LAWS(MAD)-1996-4-115

BABY ALIAS DHANALAKSHMI Vs. L. KRIPAKARAN AND OTHERS

Decided On April 19, 1996
BABY ALIAS DHANALAKSHMI Appellant
V/S
L. KRIPAKARAN AND OTHERS Respondents

JUDGEMENT

(1.) The appellant filed Original Petition No. 459 of 1986 for grant of Letters of Administration of the will dated 26-3-1978 said to have been executed by her mother Chengammal, who died at Madras on 28-11-1981. The said petition was converted into a suit because of contest by the respondent and it was numbered as T.O.S. No. 32 of 1987. After trial, the suit was dismissed by a learned Judge of this Court and this appeal has been preferred by the plaintiff.

(2.) The deceased Chengammal left the Appellant and another daughter by name Yasodha and two sons by name Seetharaman arid Krupakaran. Seetharaman was the first defendant in the suit. He died during the pendency of the suit. His wife and daughter were brought on record as his legal representatives as defendants 3 and 4. They are respondents 2 and 3 in this appeal. The other son was the second defendant in the suit and the first respondent in this appeal. Under the will, the property situated in No. 10, Somasundaram Street, T. Nagar, Madras-17, is bequeathed to the appellant and her sister Yasodha. In the written statement filed by the defendants it is contended that the Will could not be a genuine one and perhaps a forged one. It is also averred that the witnesses to the will are relatives and friends of the husband of the appellant herein and they could not have been present when the appeal was alleged to have been signed by the mother of the appellant. It is also stated that the non-registration of the Will is a strong circumstance to indicate that Will is not genuine. According to the defendants, after the marriage of the appellant, their mother was made to stay with the appellant and she was not allowed to see the defendants. Only after the death of the mother, the dead body was brought by the defendants to their house. When in Jan. 1978 the defendants wanted to see their mother, they were informed that she was affected by paralytic stroke and the plaintiff refused to send the mother with the defendants for treatment. In short the contention of the defendants is that the will is not genuine.

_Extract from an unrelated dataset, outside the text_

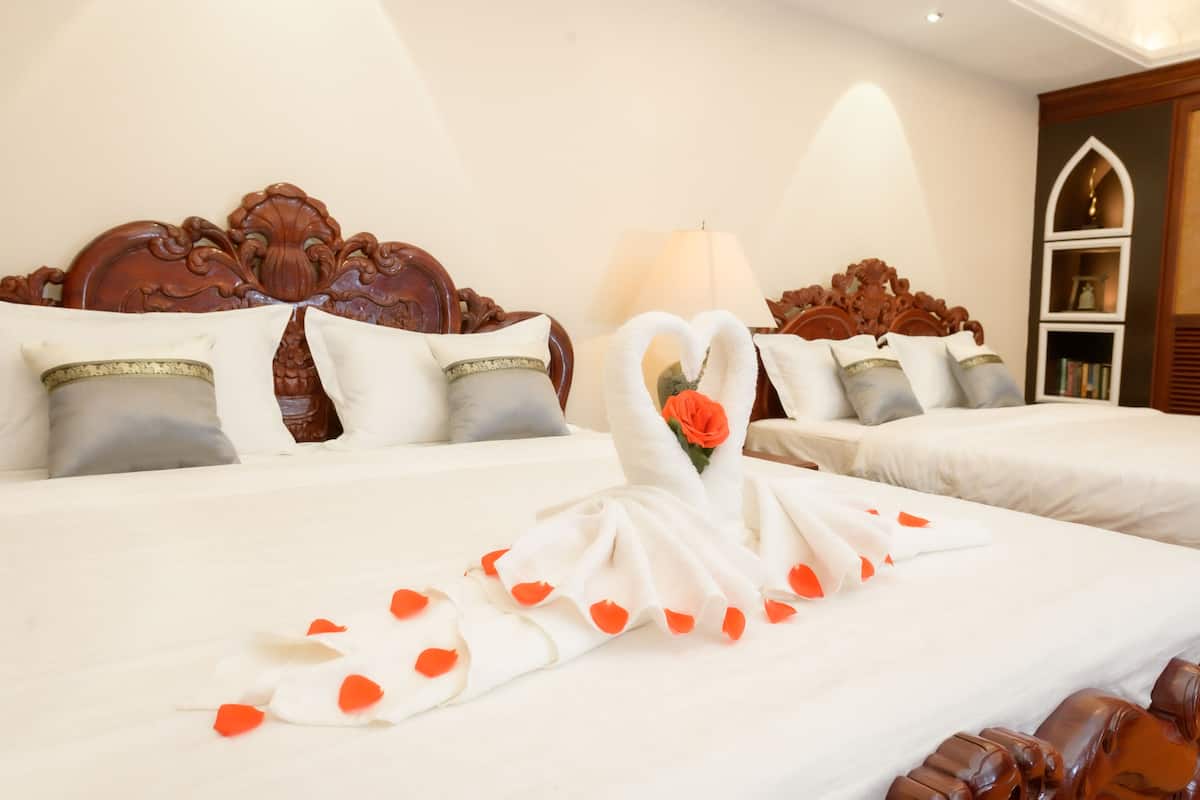 Family Suite, River View | Peti besi dalam bilik, Wi-fi percuma, cadar katil 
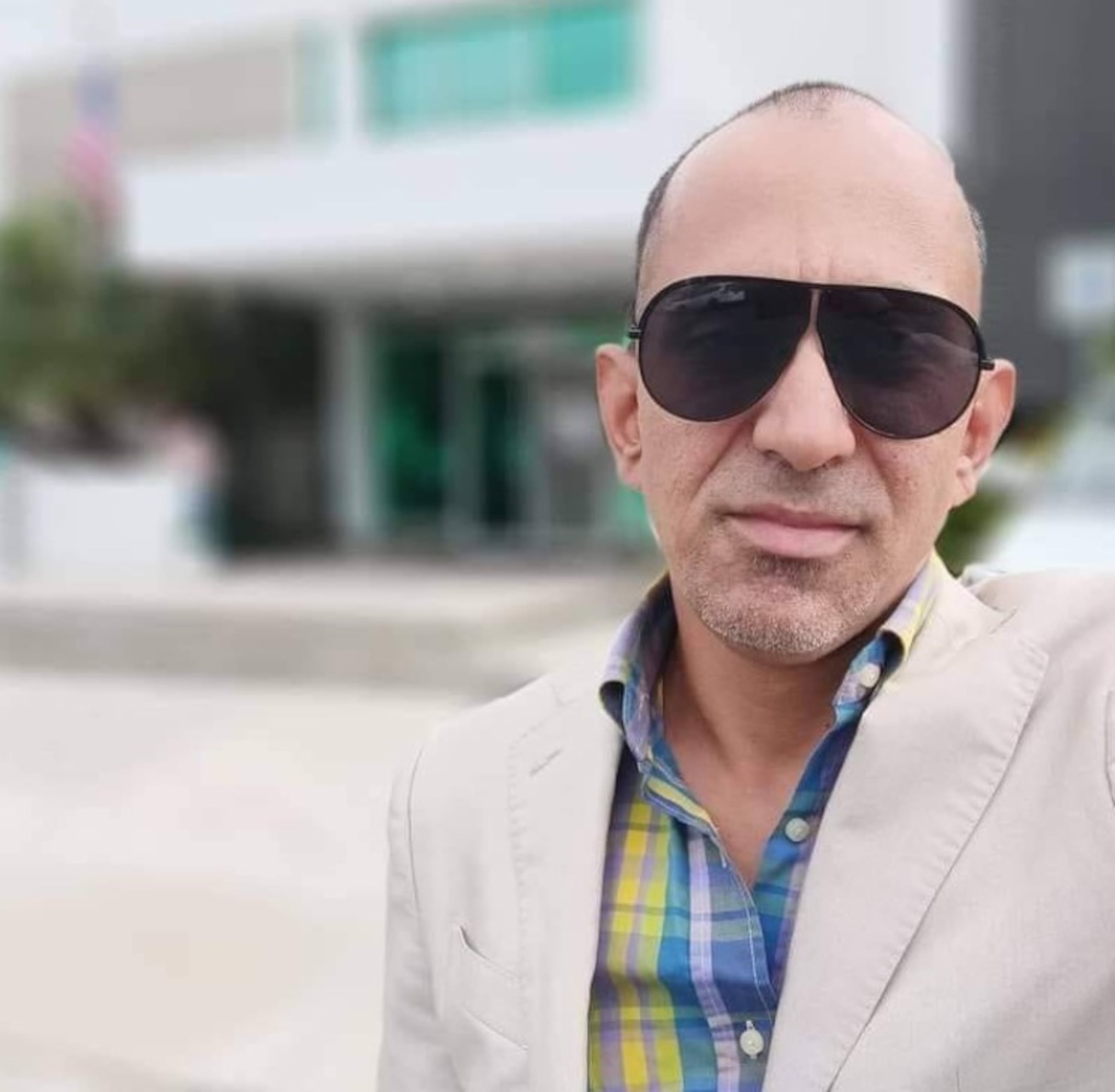 Víctor Juan Enríquez Del Valle fue baleado mientras transitaba por la avenida Eduardo Conde en Villa Palmeras.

(3.) The learned Judge held that there were sufficient suspicious circumstances which were not explained by the appellant, who propounded the Will. He also found that the witnessses examined in the case are all interested and unsatisfactory and the evidence adduced by them is not sufficient to prove the sound and disposing state of mind of the testatrix and her signature as required by law. The learned Judge has also found that the propounder had taken a prominent part in the execution of the Will and had not explained the suspicious circumstances. Consequently, he dismissed the suit.